Além de ser o médico que assina a fantástica recuperação de pessoas famosas como o músico Herbert Vianna, a atriz Malu Mader, o ator Paulo José e, mais recentemente, o cineasta Sílvio Tendler, Paulo Niemeyer Filho também opera de graça, na Santa Casa de Misericórdia, muitos anônimos que não podem arcar com os custos de enfermidades neurológicas. Sobre o esquecimento que acomete as pessoas a partir de determinada idade, o neurocirurgião dá uma dica que pode ser resumida assim: preocupe-se menos em gravar nomes pouco importantes na memória e sim em “não esquecer as coisas boas da vida”.

O bom funcionamento do cérebro (do ponto de vista clínico) contribui de maneira efetiva para que a pessoa se sinta bem?

O bom funcionamento do cérebro certamente é um pré-requisito para o bem-estar, mas não é suficiente. Quando um neurologista fala em bom funcionamento do cérebro está pensando num bom equilíbrio de seus neurotransmissores, evitando a depressão, na agilidade de seus circuitos, assegurando boa memória, rapidez de raciocínio etc. Já o psiquiatra pensa num bom equilíbrio psíquico, na ausência de conflitos significativos, na satisfação com seu dia a dia. É preciso as duas coisas, uma harmonia do físico e da alma para que a pessoa se sinta bem.

E o caminho inverso é possível: ou seja, a paz e a sensação de felicidade ajudam o cérebro a ser saudável?

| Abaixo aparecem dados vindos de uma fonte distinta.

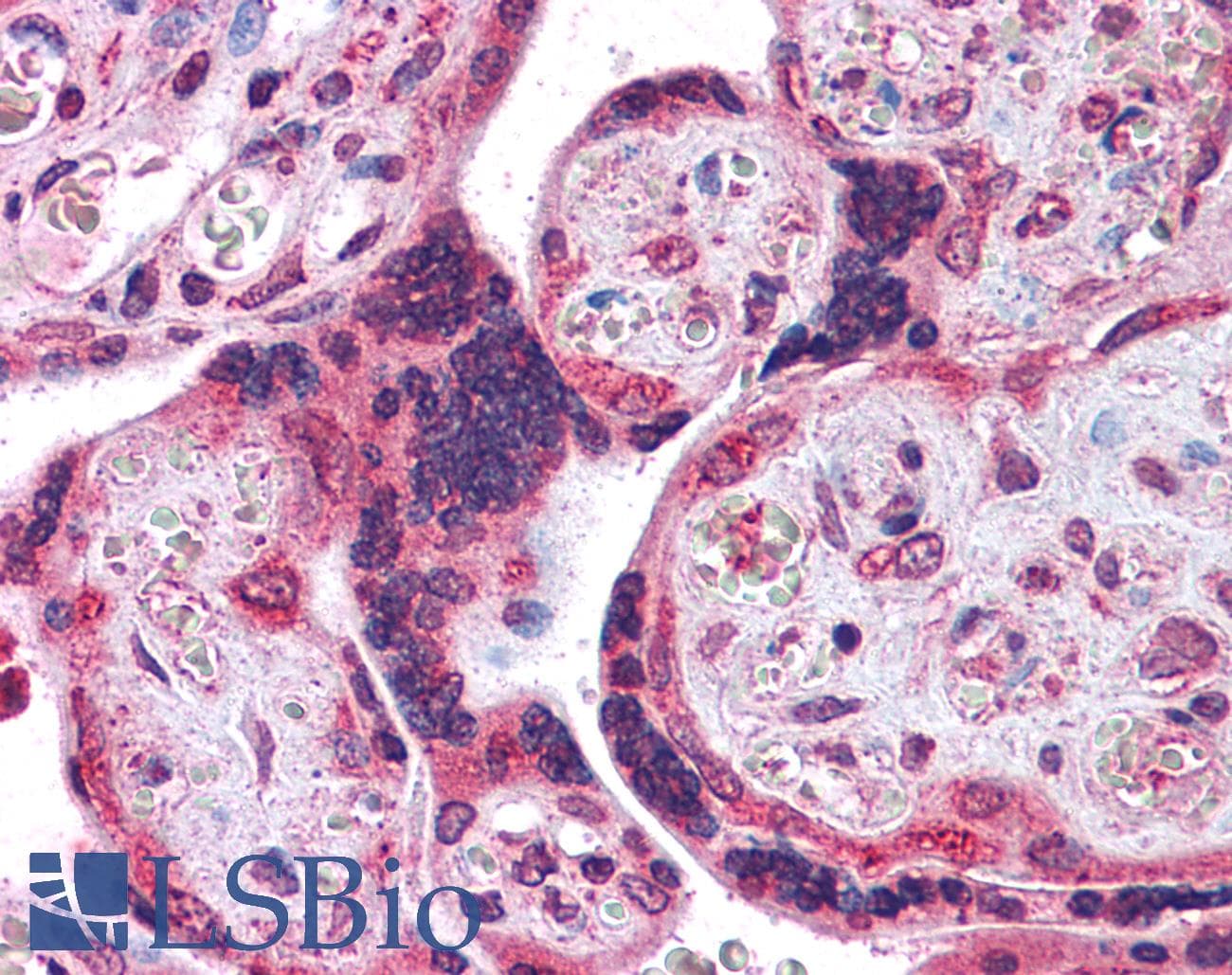 IHC-plus™ Polyclonal Rabbit anti-Human C4.4A / LYPD3 Antibody (N-Terminus, IHC)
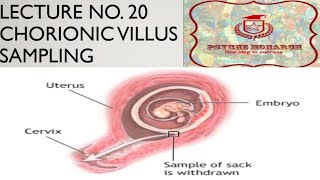 chorionic villus sampling in urdu [upl. by Nancey]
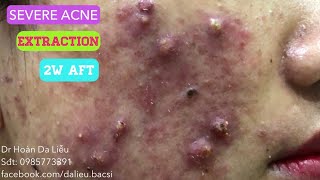 Mụn nhọt mủ siêu nặngSevere acnes pimplespusstuleblackheads before 2ws after and extraction [upl. by Enillebyam]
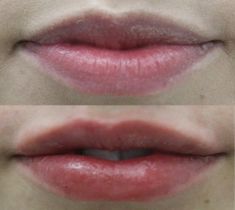 Lip augmentation - cheiloplasty - Photo before - ARS ESTETICA – Klinika Medycyny Estetycznej i Laseroterapii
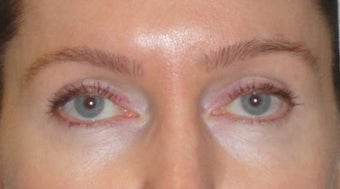 Botox after 967782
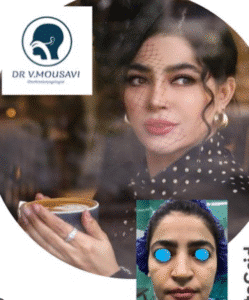 نمونه عمل بینی دکتر وحیده موسوی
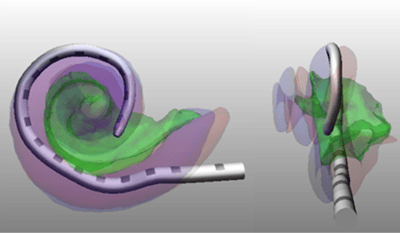 AI Image Processing Demonstrates How to  Precisely Place Cochlear Implants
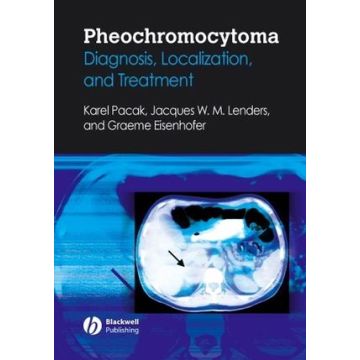 Pheochromocytoma: Diagnosis, Localization, and Treatment  Pacak Karel; Eisenhofer Graeme; Lenders Jacques  Wiley - Blackwell  9781405149501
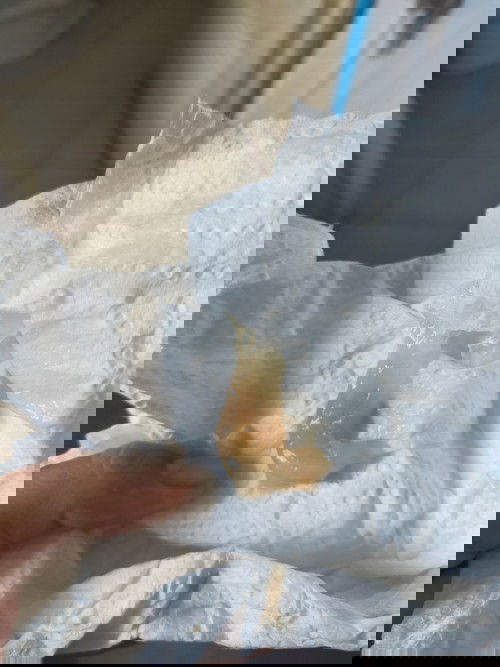 39+1ไม่มีอาการปวดท้องแต่มีเจบน่วงๆท้องแข็งบ่อย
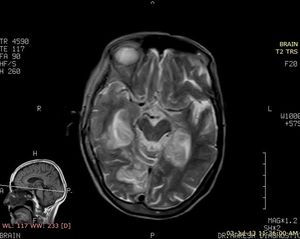Herpes Simplex Encephalitis
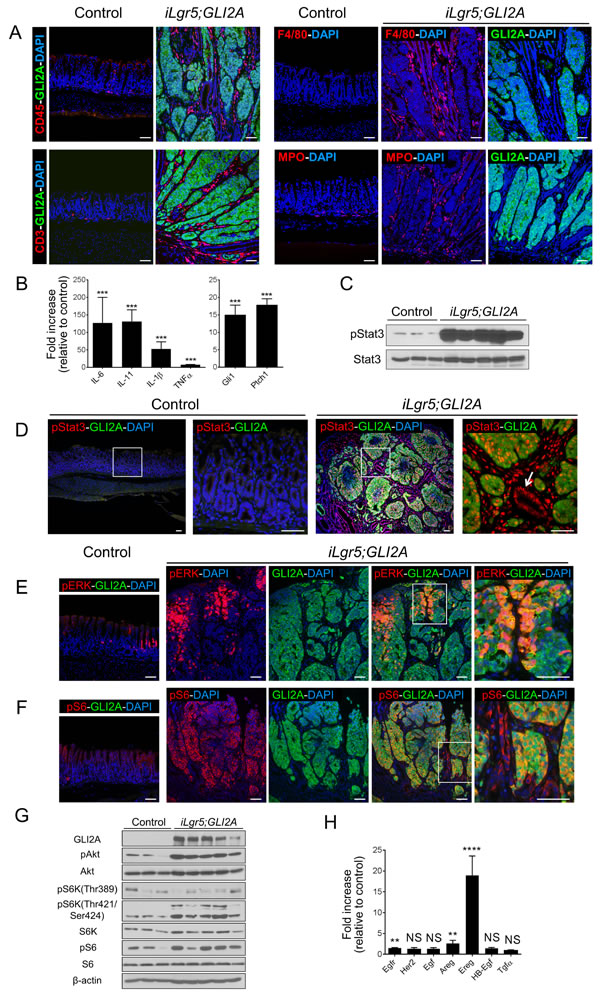 Inflammation and signaling alterations in GLI2A-driven gastric adenocarcinomas.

Uma coisa puxa a outra. A sensação de paz e felicidade acompanha-se normalmente de vida ativa, novas experiências, riscos profissionais, enfim, uma série de novos estímulos decorrentes da vida que flui. É disso que o cérebro vive, de estímulos permanentes para seus circuitos, que acabam por produzir as sensações prazerosas que nos levam a repeti-los.

A longevidade tem associação direta com o desejo de viver? Então, pessoas que não têm motivação repassariam essa “orientação” da mente para o corpo. A depressão, então, seria um fator que ajudaria a diminuir a expectativa de vida, já que a pessoa deprimida tende a ver a vida como um fardo?

A pessoa que quer viver é aquela que está de bem com a vida, que se cuida, tem autoestima elevada, é otimista e enxerga as coisas boas que a cercam. As pessoas que estão de bem com a vida, quando operadas, confiam que tudo vai dar certo e se recuperam rapidamente. Os deprimidos tendem a não se cuidar e são uma preocupação para os cirurgiões. São pacientes que costumam ter um pós-operatório arrastado, com menor tolerância à dor, que demoram a sair do leito, transformam pequenas dificuldades em obstáculos e acabam sujeitos a maiores complicações.

O neurocirugião é um especialista em desarmar bombas, não é? A evolução da medicina fez grande diferença nessa área?

O tratamento dos aneurismas cerebrais vem evoluindo rapidamente. Até uns poucos anos atrás, esses aneurismas só eram diagnosticados quando rompiam provocando hemorragias, muitas vezes fatais. A sensação de desarmar a bomba é real, e mais importante ainda quando é possivel fazê-lo antes do primeiro sangramento. Com a eficiência dos exames de imagens atuais, pelo menos metade dos aneurismas são diagnosticados e operados antes do desastre. A cirurgia é mais fácil e mais segura quando é feita sem urgência, num aneurisma que nunca se rompeu. Apesar de todo avanço tecnológico que aperfeiçoou a técnica cirúrgica e criou alternativas, como o tratamento endovascular, nada foi mais importante para melhorar os resultados que a possibilidade de diagnóstico precoce dos aneurismas, antes da hemorragia.

Cuidar bem da cabeça, para um neurocirurgião, se traduz em que iniciativas?

Cuidar da cabeça significa, antes de tudo, cuidar da saúde em geral. Várias doenças, como diabetes e hipertensão arterial, podem ter efeitos adversos no cérebro. O check-up neurológico vai ganhar muita força quando tivermos exames que diagnostiquem com antecedência a doença de Alzheimer, o que não deve demorar. Por enquanto, este check-up deve ser feito para afastar a presença de aneurisma cerebral, principalmente em famílias com história de aneurisma.